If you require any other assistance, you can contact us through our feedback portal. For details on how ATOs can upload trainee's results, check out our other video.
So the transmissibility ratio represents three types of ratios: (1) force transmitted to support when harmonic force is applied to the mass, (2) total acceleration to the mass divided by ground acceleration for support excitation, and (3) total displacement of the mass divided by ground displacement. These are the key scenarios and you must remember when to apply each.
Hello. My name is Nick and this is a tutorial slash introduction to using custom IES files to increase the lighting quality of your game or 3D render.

* * *

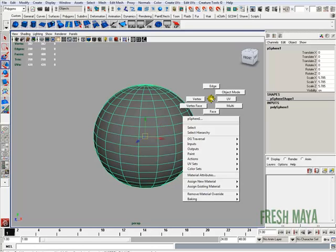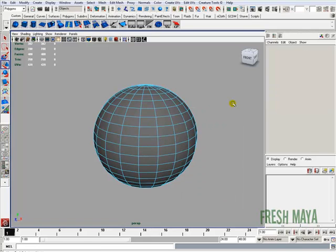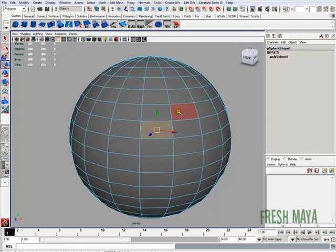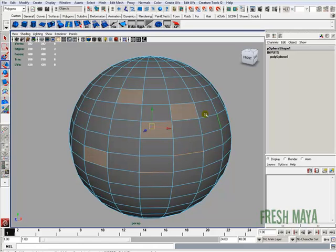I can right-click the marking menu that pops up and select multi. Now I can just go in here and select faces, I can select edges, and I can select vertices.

---

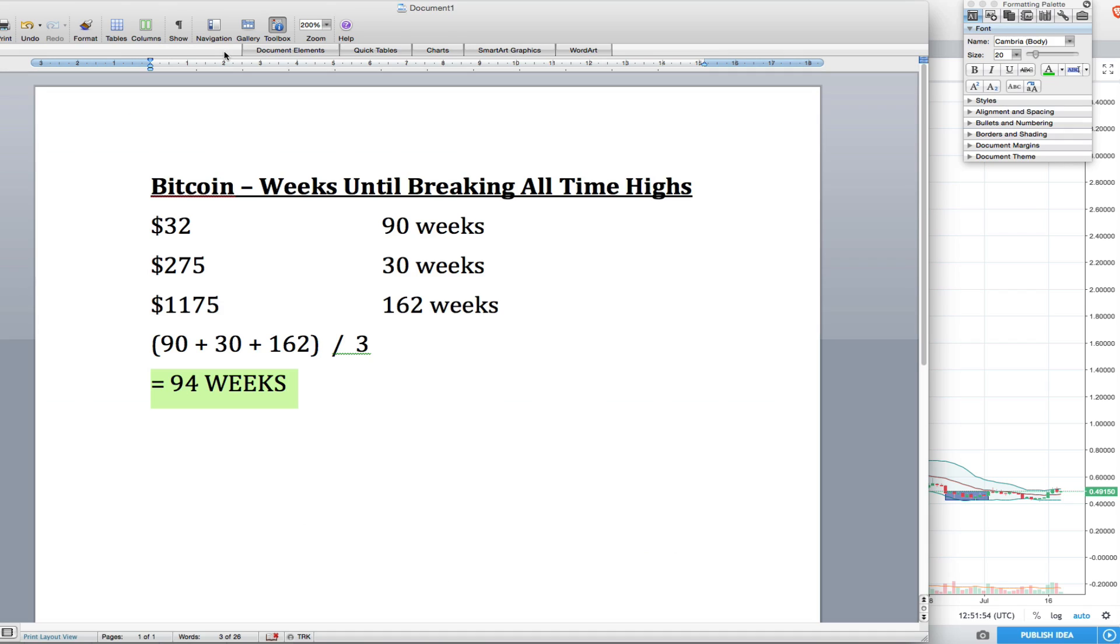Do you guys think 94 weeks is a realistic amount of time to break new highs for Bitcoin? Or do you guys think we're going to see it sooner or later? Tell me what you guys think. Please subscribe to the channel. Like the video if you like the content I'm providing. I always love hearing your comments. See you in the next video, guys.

▶ EXERCISE DESCRIPTION
Please, from the material above, copy only the lines from the line with "So the transmissibility" up to and including the line with "Hello. My name", exactly as written.

▶ TASK ANSWER
So the transmissibility ratio represents three types of ratios: (1) force transmitted to support when harmonic force is applied to the mass, (2) total acceleration to the mass divided by ground acceleration for support excitation, and (3) total displacement of the mass divided by ground displacement. These are the key scenarios and you must remember when to apply each.
Hello. My name is Nick and this is a tutorial slash introduction to using custom IES files to increase the lighting quality of your game or 3D render.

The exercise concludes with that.